CREATE TABLE IF NOT EXISTS users (
id TEXT PRIMARY KEY,
name TEXT NOT NULL,
email TEXT UNIQUE NOT NULL
)
");
// Generate UUID using PHP
function generateUuid() {
return sprintf('%04x%04x-%04x-%04x-%04x-%04x%04x%04x',
mt_rand(0, 0xffff), mt_rand(0, 0xffff),
mt_rand(0, 0xffff),
mt_rand(0, 0x0fff) | 0x4000,
mt_rand(0, 0x3fff) | 0x8000,
mt_rand(0, 0xffff), mt_rand(0, 0xffff), mt_rand(0, 0xffff)
);
}
// Insert with UUID
$userId = generateUuid();
$stmt = $db->prepare('INSERT INTO users (id, name, email) VALUES (?, ?, ?)');
$stmt->execute([$userId, 'Bob Wilson', 'bob@example.com']);
SQLite UUID Storage Best Practices
SQLite stores UUIDs as TEXT. Follow these best practices for optimal performance:
-- Always use TEXT type for UUIDs
CREATE TABLE products (
id TEXT PRIMARY KEY,
name TEXT NOT NULL,
sku TEXT UNIQUE
);
-- Create indexes on UUID foreign keys
CREATE TABLE orders (
id TEXT PRIMARY KEY,
product_id TEXT NOT NULL,
quantity INTEGER,
FOREIGN KEY (product_id) REFERENCES products(id)
);
CREATE INDEX idx_orders_product_id ON orders(product_id);
-- Use COLLATE NOCASE for case-insensitive UUID matching
CREATE TABLE sessions (
id TEXT PRIMARY KEY COLLATE NOCASE,
user_id TEXT NOT NULL,
expires_at DATETIME
);
-- Check table structure
PRAGMA table_info(users);
UUID vs INTEGER Primary Keys
| Aspect | UUID (TEXT) | INTEGER |
|---|---|---|
| Storage Size | 36 bytes (as TEXT) | 1-8 bytes (variable) |
| Globally Unique | ✓ Yes | ✗ Per-database only |
| Client-Side Generation | ✓ No round-trip needed | ✗ Requires INSERT to get ID |
| Security | ✓ Non-guessable | ✗ Sequential, predictable |
| Performance | Good for most apps | ✓ Faster |
| URL Friendliness | Long URLs | ✓ Short URLs |
| Best For | Distributed apps, sync, APIs | Local-only applications |
UUID with SQLite ORM Frameworks
SQLAlchemy (Python)
from sqlalchemy import create_engine, Column, String
from sqlalchemy.ext.declarative import declarative_base
from sqlalchemy.orm import sessionmaker
import uuid
Base = declarative_base()
class User(Base):
__tablename__ = 'users'
id = Column(String(36), primary_key=True, default=lambda: str(uuid.uuid4()))

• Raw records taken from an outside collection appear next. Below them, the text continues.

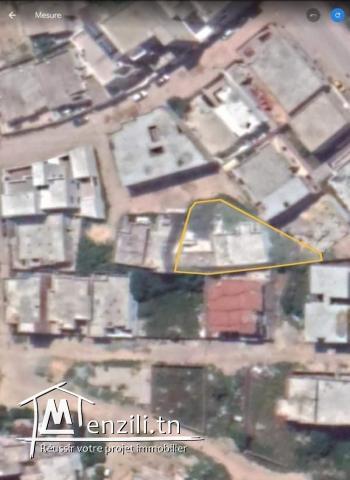 A vendre maison a la Manouba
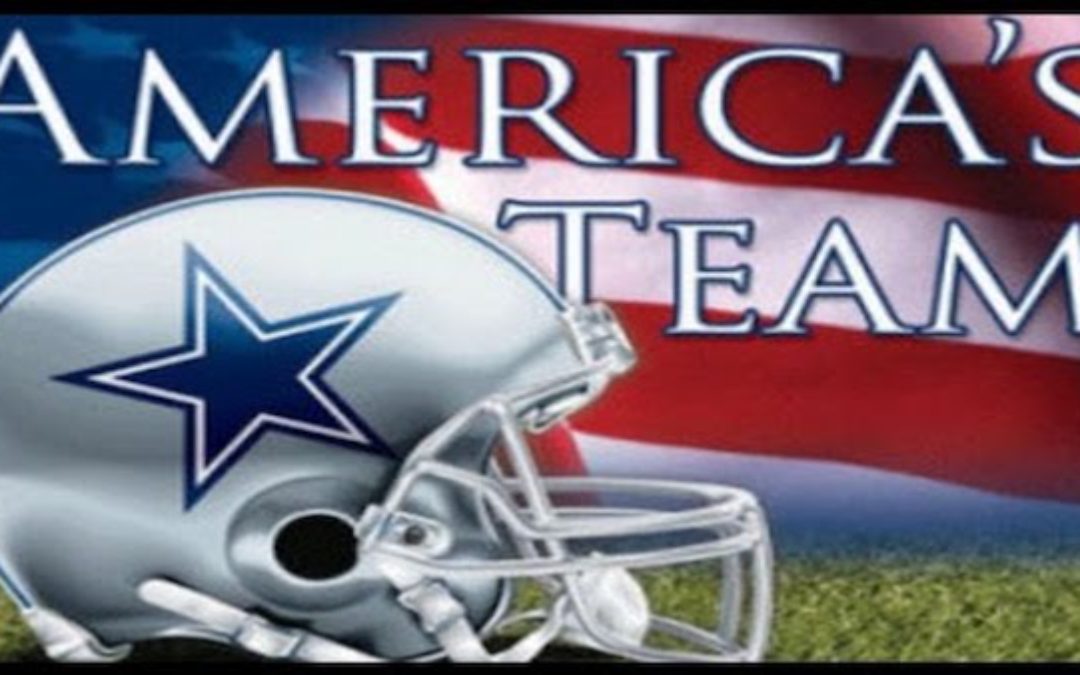 Dallas Cowboys Re-earned Title Of America’s Team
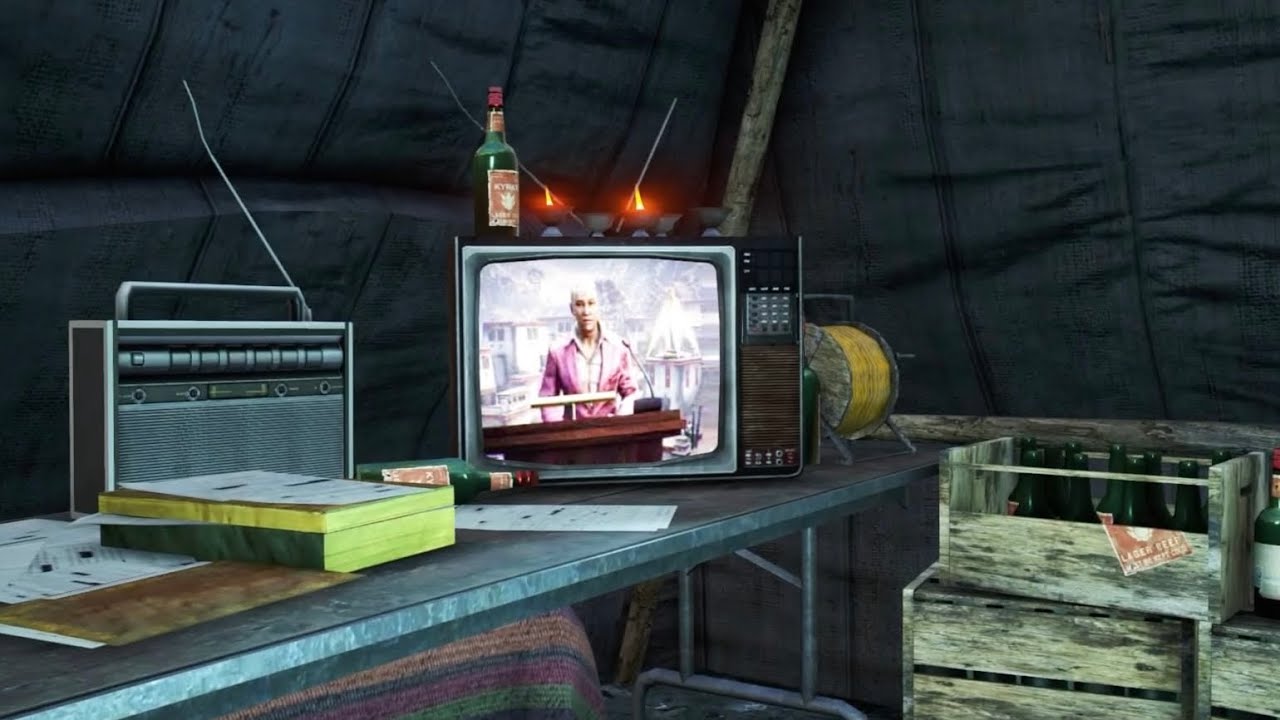 Far cry 4 walkthrough gameplay (full game ps4) The broadcast: Part 17￼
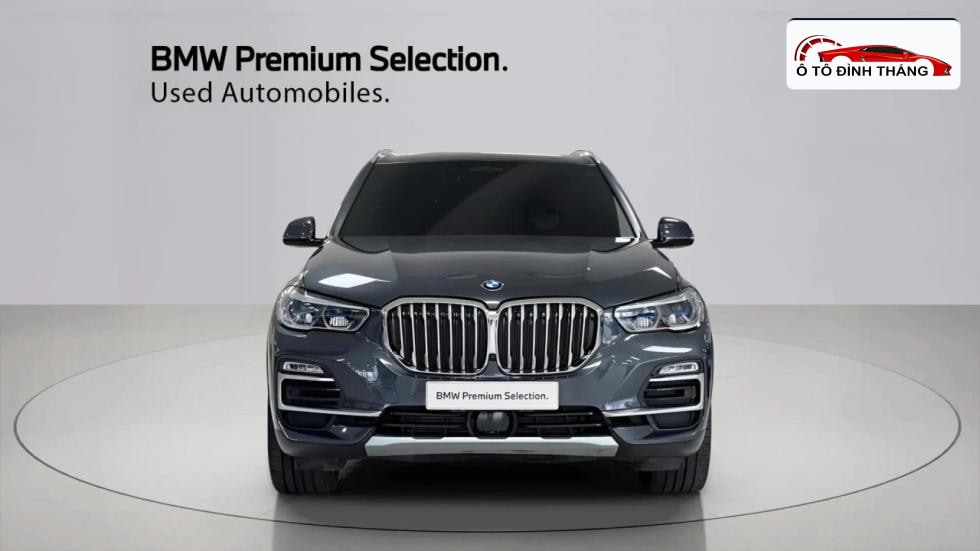 BMW X5 (G05) xDrive 45e xLine
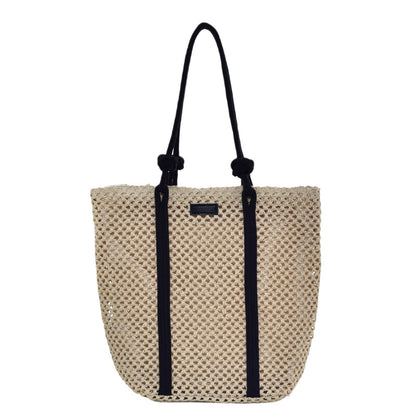 Handtasche mit Modernem Netzdesign Brehn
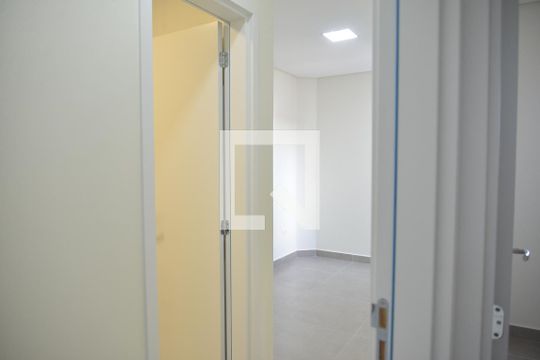 Suíte de apartamento à venda com 2 quartos, 88m² em Vila Floresta, Santo André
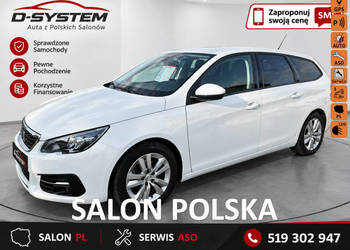 Peugeot 308 SALON POLSKA 2Właściciel Super Stan 40,000zł cena Brutto T9 (2…
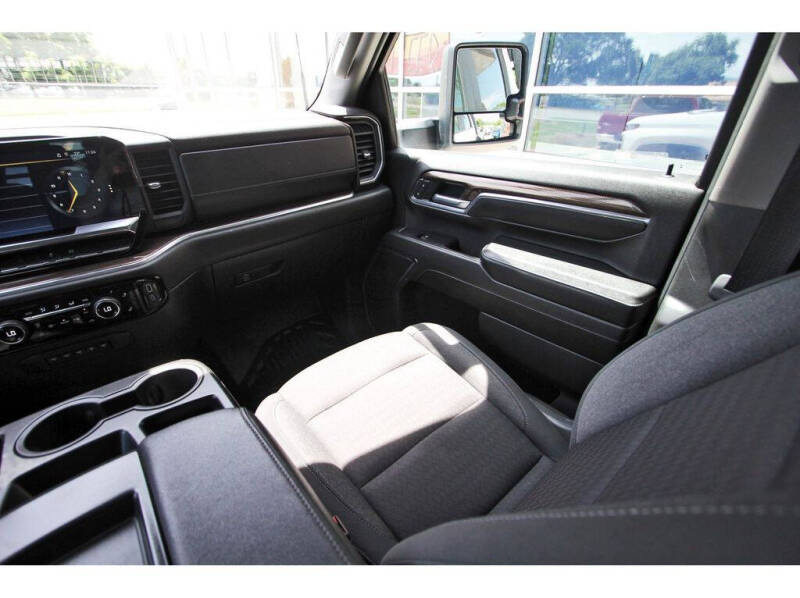 2024 Chevrolet Silverado 3500HD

name = Column(String(100), nullable=False)
email = Column(String(255), unique=True, nullable=False)
# Create engine and tables
engine = create_engine('sqlite:///myapp.db')
Base.metadata.create_all(engine)
# Create session
Session = sessionmaker(bind=engine)
session = Session()
# Insert user (UUID auto-generated)
new_user = User(name='Alice Brown', email='alice@example.com')
session.add(new_user)
session.commit()
print(f"User ID: {new_user.id}")
Sequelize (Node.js)
const { Sequelize, DataTypes } = require('sequelize');
const sequelize = new Sequelize({
dialect: 'sqlite',
storage: 'myapp.db'
});
const User = sequelize.define('User', {
id: {
type: DataTypes.UUID,
defaultValue: DataTypes.UUIDV4,
primaryKey: true
},
name: {
type: DataTypes.STRING(100),
allowNull: false
},
email: {
type: DataTypes.STRING(255),
allowNull: false,
unique: true
}
});
// Sync and create user
await sequelize.sync();
const user = await User.create({
name: 'Charlie Davis',
email: 'charlie@example.com'
});
console.log(user.id); // Auto-generated UUID
Checking SQLite Version
Verify your SQLite version to determine if uuid() is available:
# Check SQLite version from command line
sqlite3 --version
# Check version inside SQLite shell
sqlite3 mydb.db
SELECT sqlite_version();
# Check in Python
import sqlite3
print(sqlite3.sqlite_version)
# Check in Node.js
const Database = require('better-sqlite3');
const db = new Database(':memory:');
console.log(db.prepare('SELECT sqlite_version()').get());
Upgrade Recommendation: If your SQLite version is below 3.38, consider upgrading for built-in UUID support and other improvements.